ExxonMobil (ticker: XOM) released its 2015 Outlook for Energy this week. The report is the company’s long-term global view of energy demand and supply, which ExxonMobil shares to promote understanding of the world’s energy future. The outlook examines energy supply and demand trends in 100 countries by using 15 demand sectors and 20 different energy types covering all manner of personal and business needs. This year’s edition covers predictions from 2015 to 2040.
Based on the outlook, ExxonMobil expects global energy demand to rise 35% from 2010 to 2040, due largely to the rapidly expanding global middle-class. By 2040, the Brookings Institution expects the global middle-class will number 5 billion people, representing more than half of the world’s total population. As projected, that middle class expansion –concentrated in India and China – will be the largest in history and, in addition to income gains, societal changes such as expanded infrastructure, electrification and urbanization, will contribute to a considerable increase in global energy demand.
The outlook identifies significant changes in the trade of oil and other liquids. North America will likely become a net exporter of liquids by 2020 as supplies of tight oil, NGLs and bitumen from oil sands increase. This is expected to open new trading opportunities as the Asia Pacific region’s net imports are projected to rise by nearly 80% by 2040. Africa’s liquids exports are expected to decline as local demand more than doubles, and Latin American growth in supplies is anticipated to outpace demand as supplies of deepwater and unconventional liquids expand.

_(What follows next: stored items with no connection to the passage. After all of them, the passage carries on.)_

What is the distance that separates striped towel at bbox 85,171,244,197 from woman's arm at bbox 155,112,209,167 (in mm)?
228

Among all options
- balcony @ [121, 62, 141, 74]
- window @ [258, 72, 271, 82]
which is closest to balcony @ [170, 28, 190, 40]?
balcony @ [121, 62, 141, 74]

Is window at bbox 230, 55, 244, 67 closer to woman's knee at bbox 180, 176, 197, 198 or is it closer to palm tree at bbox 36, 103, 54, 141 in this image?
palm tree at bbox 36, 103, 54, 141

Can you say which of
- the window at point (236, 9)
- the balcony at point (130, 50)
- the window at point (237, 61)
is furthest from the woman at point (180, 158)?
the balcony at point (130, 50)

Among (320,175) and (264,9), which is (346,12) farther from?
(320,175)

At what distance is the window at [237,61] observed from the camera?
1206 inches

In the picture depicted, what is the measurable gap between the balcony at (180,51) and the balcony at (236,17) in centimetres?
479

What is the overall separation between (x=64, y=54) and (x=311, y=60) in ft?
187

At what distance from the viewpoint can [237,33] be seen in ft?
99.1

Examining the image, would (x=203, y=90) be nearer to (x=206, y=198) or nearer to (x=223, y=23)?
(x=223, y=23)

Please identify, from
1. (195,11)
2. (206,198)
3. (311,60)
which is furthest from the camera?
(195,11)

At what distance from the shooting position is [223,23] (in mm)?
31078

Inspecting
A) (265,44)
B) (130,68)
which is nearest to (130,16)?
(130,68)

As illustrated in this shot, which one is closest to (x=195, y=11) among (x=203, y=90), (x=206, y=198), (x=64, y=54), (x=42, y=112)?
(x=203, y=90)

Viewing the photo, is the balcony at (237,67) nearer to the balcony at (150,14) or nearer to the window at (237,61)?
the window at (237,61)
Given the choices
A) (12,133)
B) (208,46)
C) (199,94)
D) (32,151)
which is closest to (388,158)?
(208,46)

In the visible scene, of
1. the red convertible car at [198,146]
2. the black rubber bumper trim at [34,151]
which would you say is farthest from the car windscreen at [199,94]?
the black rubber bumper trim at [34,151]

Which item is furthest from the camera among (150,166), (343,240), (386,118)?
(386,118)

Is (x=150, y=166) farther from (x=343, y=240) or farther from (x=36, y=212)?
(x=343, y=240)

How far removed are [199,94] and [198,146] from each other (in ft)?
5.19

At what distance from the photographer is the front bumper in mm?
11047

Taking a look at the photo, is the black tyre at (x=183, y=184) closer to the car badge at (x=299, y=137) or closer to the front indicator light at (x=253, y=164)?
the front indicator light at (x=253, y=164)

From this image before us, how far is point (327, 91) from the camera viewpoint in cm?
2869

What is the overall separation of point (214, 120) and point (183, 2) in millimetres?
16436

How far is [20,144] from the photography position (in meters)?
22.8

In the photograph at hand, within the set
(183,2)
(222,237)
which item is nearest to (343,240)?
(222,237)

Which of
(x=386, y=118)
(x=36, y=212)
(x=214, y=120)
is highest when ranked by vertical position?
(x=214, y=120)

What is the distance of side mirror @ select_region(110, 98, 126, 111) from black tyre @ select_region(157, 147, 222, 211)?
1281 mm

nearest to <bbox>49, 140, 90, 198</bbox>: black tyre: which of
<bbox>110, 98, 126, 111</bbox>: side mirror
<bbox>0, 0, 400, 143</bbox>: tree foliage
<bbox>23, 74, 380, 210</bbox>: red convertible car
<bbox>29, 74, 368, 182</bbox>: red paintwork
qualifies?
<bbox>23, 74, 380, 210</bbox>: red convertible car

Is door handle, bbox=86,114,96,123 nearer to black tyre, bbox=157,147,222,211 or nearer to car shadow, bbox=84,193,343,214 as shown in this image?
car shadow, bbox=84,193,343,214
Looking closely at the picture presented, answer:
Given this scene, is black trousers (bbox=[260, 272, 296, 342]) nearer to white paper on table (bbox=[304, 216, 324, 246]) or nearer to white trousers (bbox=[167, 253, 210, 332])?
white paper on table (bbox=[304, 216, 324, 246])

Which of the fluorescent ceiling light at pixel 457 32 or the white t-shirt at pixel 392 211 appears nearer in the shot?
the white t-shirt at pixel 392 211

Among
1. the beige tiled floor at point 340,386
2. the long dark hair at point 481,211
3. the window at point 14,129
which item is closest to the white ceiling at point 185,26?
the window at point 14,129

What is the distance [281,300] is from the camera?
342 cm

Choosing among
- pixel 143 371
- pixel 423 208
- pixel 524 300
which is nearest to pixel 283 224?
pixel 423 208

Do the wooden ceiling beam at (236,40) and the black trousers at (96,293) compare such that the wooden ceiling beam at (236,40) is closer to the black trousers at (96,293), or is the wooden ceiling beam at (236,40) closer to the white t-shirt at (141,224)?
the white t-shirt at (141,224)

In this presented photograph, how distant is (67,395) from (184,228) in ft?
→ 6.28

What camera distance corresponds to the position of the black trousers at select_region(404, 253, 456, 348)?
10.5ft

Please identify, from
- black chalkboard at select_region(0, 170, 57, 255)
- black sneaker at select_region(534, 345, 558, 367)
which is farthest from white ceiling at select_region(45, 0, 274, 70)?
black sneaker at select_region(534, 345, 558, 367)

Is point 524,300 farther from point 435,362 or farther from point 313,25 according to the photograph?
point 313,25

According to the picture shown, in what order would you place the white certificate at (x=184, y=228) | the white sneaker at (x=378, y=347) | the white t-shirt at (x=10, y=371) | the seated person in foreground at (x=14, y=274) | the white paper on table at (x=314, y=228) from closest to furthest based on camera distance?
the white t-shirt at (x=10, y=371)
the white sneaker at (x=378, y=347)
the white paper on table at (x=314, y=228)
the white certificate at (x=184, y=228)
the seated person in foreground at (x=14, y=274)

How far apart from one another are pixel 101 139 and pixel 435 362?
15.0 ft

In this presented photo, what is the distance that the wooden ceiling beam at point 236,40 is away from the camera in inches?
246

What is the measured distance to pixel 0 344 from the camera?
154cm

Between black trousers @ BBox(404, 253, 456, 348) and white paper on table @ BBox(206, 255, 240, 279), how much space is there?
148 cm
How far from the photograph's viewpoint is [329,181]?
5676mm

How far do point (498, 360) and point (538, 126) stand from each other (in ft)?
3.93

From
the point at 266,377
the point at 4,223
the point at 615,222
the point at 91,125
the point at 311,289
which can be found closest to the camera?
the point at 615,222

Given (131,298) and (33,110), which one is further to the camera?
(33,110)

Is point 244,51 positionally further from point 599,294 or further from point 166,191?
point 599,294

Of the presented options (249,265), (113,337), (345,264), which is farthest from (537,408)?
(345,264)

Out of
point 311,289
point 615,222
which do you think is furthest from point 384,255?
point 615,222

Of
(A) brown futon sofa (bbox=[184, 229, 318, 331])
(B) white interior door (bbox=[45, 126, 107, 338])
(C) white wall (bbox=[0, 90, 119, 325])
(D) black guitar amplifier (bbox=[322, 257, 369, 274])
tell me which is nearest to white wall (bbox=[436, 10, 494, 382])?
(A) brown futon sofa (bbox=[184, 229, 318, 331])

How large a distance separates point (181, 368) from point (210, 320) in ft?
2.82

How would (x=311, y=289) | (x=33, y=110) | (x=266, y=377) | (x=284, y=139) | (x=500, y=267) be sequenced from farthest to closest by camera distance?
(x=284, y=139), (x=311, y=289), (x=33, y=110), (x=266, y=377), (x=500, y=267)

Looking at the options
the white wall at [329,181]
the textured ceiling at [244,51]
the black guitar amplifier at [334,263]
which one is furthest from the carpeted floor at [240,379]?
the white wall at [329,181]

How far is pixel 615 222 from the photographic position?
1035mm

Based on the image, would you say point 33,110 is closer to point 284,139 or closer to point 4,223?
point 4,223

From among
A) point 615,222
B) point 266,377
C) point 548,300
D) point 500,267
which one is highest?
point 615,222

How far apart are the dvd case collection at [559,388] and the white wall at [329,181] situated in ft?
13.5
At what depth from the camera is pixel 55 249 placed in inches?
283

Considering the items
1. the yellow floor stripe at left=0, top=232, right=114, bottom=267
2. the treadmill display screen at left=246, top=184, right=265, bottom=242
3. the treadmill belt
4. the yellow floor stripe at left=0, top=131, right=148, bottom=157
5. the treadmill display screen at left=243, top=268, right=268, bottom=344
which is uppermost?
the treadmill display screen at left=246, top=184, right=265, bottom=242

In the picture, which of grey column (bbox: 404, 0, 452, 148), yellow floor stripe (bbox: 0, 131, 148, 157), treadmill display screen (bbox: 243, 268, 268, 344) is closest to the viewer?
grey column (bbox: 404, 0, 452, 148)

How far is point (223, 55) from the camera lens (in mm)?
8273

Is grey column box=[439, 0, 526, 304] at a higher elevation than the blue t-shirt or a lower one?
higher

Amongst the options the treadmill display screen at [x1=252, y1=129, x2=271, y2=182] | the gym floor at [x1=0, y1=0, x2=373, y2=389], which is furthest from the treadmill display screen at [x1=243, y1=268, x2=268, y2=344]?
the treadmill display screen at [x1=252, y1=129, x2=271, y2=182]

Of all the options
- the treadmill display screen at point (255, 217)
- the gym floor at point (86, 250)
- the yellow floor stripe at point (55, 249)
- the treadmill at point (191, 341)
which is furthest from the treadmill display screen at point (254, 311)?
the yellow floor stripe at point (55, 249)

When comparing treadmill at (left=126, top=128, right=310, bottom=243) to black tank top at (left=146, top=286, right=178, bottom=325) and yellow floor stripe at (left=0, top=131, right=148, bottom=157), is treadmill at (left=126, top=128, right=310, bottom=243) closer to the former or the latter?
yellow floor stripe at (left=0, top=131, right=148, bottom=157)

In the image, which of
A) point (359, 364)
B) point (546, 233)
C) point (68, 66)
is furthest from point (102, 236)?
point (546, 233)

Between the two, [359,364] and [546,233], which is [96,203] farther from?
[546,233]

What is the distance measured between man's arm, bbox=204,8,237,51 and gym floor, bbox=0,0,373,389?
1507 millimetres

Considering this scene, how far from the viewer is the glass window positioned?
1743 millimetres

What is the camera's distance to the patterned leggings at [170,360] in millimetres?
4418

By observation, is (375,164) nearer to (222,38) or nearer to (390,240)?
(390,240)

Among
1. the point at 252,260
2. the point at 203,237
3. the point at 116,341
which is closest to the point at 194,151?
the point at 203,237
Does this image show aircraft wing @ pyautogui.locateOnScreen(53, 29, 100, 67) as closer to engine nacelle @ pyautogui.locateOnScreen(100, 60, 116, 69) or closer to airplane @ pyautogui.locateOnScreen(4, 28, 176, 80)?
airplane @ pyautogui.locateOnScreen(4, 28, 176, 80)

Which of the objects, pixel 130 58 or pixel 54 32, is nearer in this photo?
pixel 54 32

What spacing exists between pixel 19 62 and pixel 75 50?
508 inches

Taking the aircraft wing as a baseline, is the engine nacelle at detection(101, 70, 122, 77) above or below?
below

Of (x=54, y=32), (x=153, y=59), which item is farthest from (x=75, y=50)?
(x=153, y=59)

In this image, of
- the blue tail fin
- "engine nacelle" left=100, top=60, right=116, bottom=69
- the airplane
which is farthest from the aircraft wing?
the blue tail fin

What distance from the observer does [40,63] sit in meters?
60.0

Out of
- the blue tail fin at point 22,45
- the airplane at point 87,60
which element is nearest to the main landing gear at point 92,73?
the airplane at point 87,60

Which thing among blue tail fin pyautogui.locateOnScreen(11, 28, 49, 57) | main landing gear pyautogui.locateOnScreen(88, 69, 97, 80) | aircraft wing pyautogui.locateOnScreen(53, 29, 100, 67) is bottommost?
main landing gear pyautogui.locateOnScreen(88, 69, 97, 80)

North American unconventional gas production will nearly triple by 2040 and the region is expected to surpass the combined output of Russia and the Caspian region as the largest gas-producing area. In Asia Pacific, gas production is seen doubling by 2040, driven partly by unconventional production technologies. Demand in the region is expected to climb by about 170%, according to the outlook, meaning Asia Pacific will likely overtake Europe as the world’s largest gas importer.
Natural gas is expected to be the fastest-growing major fuel source during the outlook period as demand increases by about 65%. Half of that increase will come from the Asia Pacific region, led by China. Utilities and industrial operations are expected to account for about 80% of the demand increase worldwide, as operators increasingly choose natural gas because of its lower emissions and versatility as a fuel and feedstock. By 2040, natural gas is expected to account for more than 25% of global energy use, surpassing coal in the overall mix.
Demand for coal is expected to rise through 2025 and then decline as China’s economic growth gradually slows and it follows the shift seen in the Organization for Economic Co-operation and Development (OECD) countries toward cleaner fuels. Global coal demand is expected to remain most prominent in Asia Pacific, primarily to support growing power-generation requirements.
Oil is still expected to remain the number one energy source and demand will increase by nearly 30%, driven by expanding needs for transportation and chemicals. During an analyst meeting covering the outlook, William Colton, VP for Corporate Strategic Planning for ExxonMobil, said “Oil remains uniquely attractive for transportation as liquid fuels continue to set the standard for convenience and performance in terms of energy density and the ability to store large amounts of energy in a small volume.”
Renewable energy expected to account for 15% of global demand by 2040
William Colton said about renewables, “Please note that the renewables of wind, solar and bio-fuels have the fastest growth rate [in demand.] They’re growing faster than any other fuel.”
Wind, solar and biofuels are expected to increase about 6% a year on average through 2040, when they will be approaching 4% of global energy demand. Renewables in total will account for about 15% of energy demand in 2040. Nuclear energy is expected to nearly double from 2010 to 2040, with growth in Asia Pacific, led by China, accounting for about 75% of the increase.